逆転負けを食らった1日の磐田戦。1点を追う後半の追加時間、シュートを打てないどころか、ボールを持つこともできなかった。じり貧の試合内容は悲惨で、同点に追いつこうという気迫が選手からは感じられなかった。
リーグ戦は3敗2分けで、17位と低迷。開幕から5試合勝利なしは、クラブワーストタイ記録だ。堀監督は試合後、「まだ戦いは続く。しっかりと顔を上げて、戦っていきたい」と話した。言葉の額面は前向きながら、その声は小さく弱々しかった。
クラブ幹部は、試合をした静岡から埼玉に戻った1日深夜、堀監督の解任を決めた。
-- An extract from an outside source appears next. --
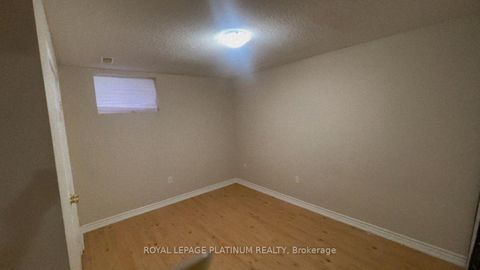 Photo 16 at 119 Violet Street, Holly, Barrie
淵田敬三社長は言う。「チームの風、流れを変える必要があった」
堀監督は昨年7月、ペトロビッチ氏(現J1札幌監督)の後任としてヘッドコーチから昇格した。2年連続となる監督交代劇。フロントの責任は重い。
だが、解任を発表した2日、クラブ幹部は不振の理由について、「堀監督の責任」に終始した。山道守彦強化本部長は「戦力は整っている。戦力うんぬんではなく、試合の作り方。みんなが疑心暗鬼になっているのが垣間見えていた」と説明した。
今季の開幕前には、横浜マからMFマルティノス、柏からMF武富らとJリーグで実績のある選手を堅実に補強した。今年1月にはブラジル人FWラファエルシルバを中国のクラブに引き抜かれたが、3月にはオーストラリア人MFを獲得し、手当てした。日本代表3人を抱え、Jクラブでの屈指の手厚い戦力をどう生かすのか、は監督の腕次第、というのは間違いないだろう。
浦和の営業収入は66億円(2016年度)と、Jクラブでナンバー1を誇る。台所事情の苦しいクラブとは異なり、監督を選ぶ選択肢も幅広い。そのなかで、Jリーグを開幕から指揮したことがない堀監督にチームの命運を託したのは、現在のフロント陣だ。
山道強化本部長は後任について、「経験のある方にやってもらわないといけない。チームを安定させる材料を持っている方」と話した。監督選びに、一貫性は感じられない。日本人選手からも、外国人の補強について疑問視する声も挙がっている。このまま成績が上向かなければ、チームがバラバラになる可能性も秘める。